● **WORK INSTRUCTION**
Copy out the entries below exactly as they stand, but only from the line containing "Ski-doo MXZ 800" through the line containing "Joe Webb Trio - Piano Shooting star from UK".

::: DATA LISTING :::

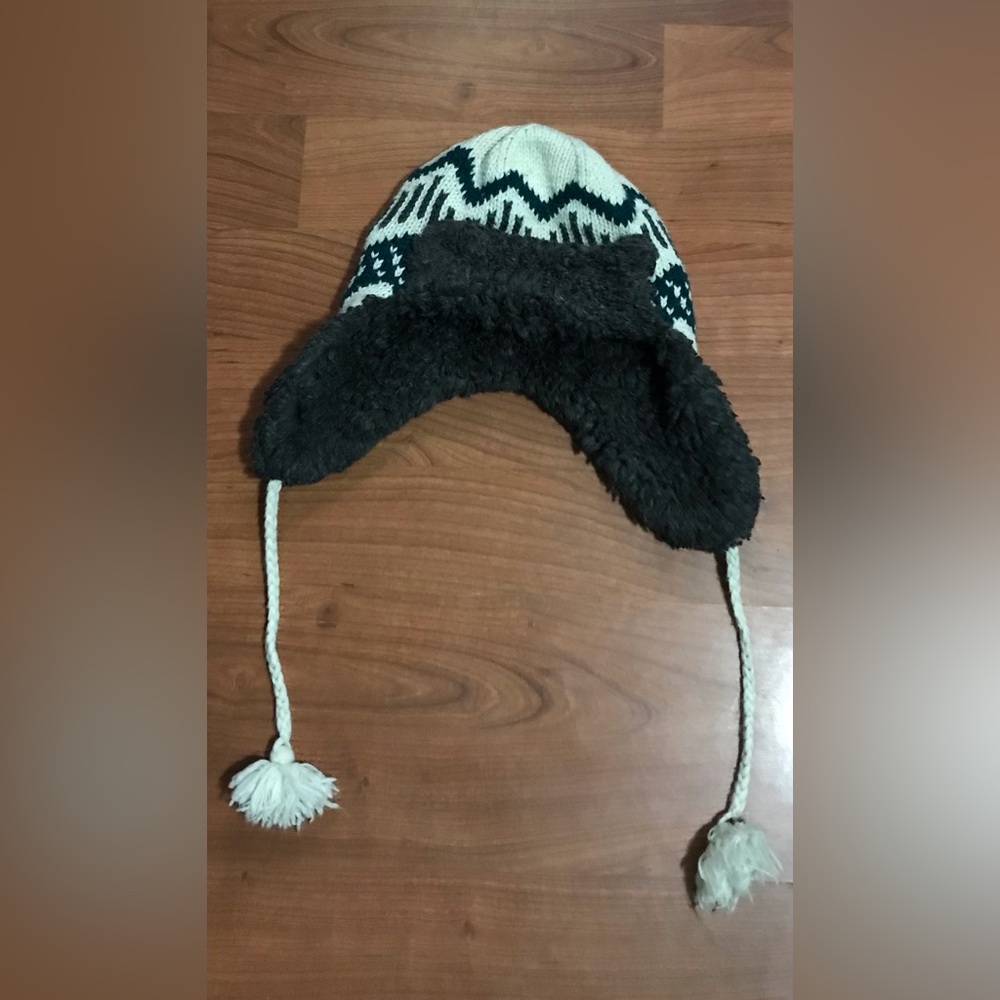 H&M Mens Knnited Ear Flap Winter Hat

:::
::: DATA LISTING :::

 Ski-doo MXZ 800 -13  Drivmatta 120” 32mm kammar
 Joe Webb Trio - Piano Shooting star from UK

:::
::: DATA LISTING :::

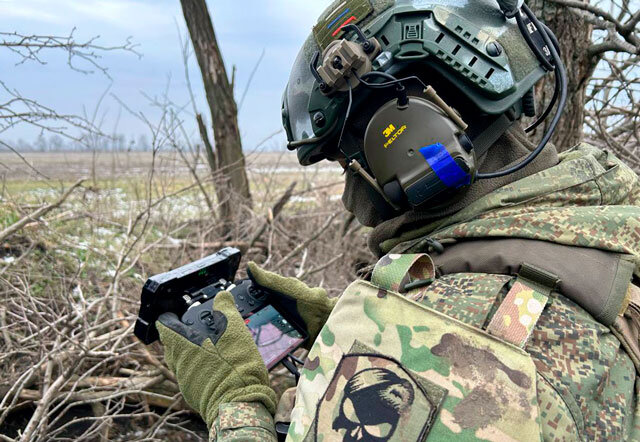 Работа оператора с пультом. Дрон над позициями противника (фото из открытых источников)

:::

● **RESULT**
 Ski-doo MXZ 800 -13  Drivmatta 120” 32mm kammar
 Joe Webb Trio - Piano Shooting star from UK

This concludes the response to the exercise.